Bereits die Sumerer tranken Bier
Bier hat eine sehr lange Tradition, schon 3.000 vor Christus tranken die Sumerer ein bierähnliches Getränk mit relativ wenig Alkohol: trüb, lauwarm und süß, wie ein flüssigerer Brotteig. Es entstand schon damals eine richtige Bierkultur mit rund 70 Biersorten. Dafür gab es auch schon spezielle Bierhäusern. Griechen und Römer bevorzugten dagegen Wein, Bier tranken hier eher arme Menschen. Ganz anders bei den Germanen – in Kulmbach fand man Bierkrüge von 800 vor Christus, aus denen das Bier zu besonderen Feiern getrunken wurde. Im Mittelalter brauten viele Klöster zunächst nur für den eigenen Bedarf, erst ab dem 7. Jahrhundert entwickelte sich eine erste Systematik in der Herstellung. Abläufe wurden hinterfragt, neue Rezepturen getestet und mit verschiedenen Pflanzen experimentiert. Damit waren die Mönche deutlich weiter, als die meisten weltlichen Gasthäuser, wo die einsetzende Gärung oft Zufall war. Es wundert deshalb nicht, dass die meisten technischen Geräte in den Klöstern entwickelt wurden.
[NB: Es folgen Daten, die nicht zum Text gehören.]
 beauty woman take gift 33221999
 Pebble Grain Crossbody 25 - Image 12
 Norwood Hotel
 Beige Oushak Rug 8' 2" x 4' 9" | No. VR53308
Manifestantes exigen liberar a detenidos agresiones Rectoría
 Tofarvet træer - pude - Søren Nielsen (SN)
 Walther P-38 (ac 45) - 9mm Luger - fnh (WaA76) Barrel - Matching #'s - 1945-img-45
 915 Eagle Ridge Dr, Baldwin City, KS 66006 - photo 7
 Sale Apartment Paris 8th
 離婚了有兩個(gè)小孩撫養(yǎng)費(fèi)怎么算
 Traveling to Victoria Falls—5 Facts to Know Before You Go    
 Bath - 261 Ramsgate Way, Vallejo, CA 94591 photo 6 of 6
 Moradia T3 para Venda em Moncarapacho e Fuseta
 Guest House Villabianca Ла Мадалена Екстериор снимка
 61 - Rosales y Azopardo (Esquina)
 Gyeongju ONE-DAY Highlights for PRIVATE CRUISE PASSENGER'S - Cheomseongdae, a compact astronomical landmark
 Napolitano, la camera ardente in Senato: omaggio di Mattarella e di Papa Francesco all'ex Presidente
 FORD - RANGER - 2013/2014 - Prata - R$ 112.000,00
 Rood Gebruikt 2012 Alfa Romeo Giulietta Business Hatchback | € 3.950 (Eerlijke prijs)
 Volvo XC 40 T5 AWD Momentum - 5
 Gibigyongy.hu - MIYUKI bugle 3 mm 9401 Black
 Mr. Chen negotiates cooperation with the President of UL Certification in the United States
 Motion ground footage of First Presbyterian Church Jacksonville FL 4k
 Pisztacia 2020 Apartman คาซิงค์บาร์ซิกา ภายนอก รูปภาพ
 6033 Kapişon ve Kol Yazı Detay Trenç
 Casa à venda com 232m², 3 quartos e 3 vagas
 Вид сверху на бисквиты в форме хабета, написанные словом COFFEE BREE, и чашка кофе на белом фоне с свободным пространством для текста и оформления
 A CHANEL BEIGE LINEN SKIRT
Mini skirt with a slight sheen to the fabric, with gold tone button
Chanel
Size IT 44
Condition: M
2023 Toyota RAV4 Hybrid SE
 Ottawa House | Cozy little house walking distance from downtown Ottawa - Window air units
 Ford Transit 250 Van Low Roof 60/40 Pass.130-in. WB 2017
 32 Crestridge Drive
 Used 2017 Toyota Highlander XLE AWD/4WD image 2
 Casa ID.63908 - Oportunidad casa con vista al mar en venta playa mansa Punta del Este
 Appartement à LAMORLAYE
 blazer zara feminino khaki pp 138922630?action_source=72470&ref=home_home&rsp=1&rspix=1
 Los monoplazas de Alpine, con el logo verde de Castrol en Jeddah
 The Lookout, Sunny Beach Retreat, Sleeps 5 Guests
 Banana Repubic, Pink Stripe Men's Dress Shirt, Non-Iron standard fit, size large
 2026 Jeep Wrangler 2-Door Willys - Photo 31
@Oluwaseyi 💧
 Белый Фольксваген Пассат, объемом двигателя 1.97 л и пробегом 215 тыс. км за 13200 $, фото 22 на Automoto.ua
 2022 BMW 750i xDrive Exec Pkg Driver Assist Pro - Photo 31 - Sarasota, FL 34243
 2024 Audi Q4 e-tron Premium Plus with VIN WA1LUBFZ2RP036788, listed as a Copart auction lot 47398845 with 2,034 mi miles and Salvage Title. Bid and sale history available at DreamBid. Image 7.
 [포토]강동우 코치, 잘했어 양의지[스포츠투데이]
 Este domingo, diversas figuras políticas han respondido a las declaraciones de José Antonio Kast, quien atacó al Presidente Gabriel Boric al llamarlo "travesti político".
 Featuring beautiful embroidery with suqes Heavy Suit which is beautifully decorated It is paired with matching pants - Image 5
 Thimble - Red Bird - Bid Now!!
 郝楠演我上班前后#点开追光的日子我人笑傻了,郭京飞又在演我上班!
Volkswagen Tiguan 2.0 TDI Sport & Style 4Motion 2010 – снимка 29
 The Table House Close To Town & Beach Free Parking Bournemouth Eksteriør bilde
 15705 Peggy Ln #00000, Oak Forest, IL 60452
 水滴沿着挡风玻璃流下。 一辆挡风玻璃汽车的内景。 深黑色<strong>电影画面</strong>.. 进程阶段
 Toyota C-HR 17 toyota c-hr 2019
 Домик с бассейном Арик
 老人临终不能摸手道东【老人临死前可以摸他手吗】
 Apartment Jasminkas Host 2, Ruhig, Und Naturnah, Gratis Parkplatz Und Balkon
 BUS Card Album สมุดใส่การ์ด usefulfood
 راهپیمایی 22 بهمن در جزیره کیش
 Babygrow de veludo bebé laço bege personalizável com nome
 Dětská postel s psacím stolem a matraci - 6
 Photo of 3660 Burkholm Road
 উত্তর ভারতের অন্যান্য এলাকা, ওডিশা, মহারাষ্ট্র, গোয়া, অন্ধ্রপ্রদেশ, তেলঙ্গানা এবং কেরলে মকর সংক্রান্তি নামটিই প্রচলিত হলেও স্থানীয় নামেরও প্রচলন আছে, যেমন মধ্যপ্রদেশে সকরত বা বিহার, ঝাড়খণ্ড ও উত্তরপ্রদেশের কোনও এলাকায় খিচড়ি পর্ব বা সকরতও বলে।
Ab dem 12. Jahrhundert wurde statt verschiedener Kräutermischungen Hopfen eingesetzt. So bekam das Bier seine typisch herbe Note und mit dem Hopfen konnte es besser gelagert und damit auch transportiert werden. In dieser Zeit entdeckten Adlige und Städte das Bier als Einnahmequelle für die leeren Kassen, so dass die Klöster weltliche Konkurrenz bekamen. Im 18. Jahrhundert entwickelten sich übrigens Nord- und Süddeutschland auseinander: Während im Norden das Bier unter der Konkurrenz von Kaffee oder Tee litt, entstanden in Bayern viele Brauereien und Bier wurde zum Volksgetränk.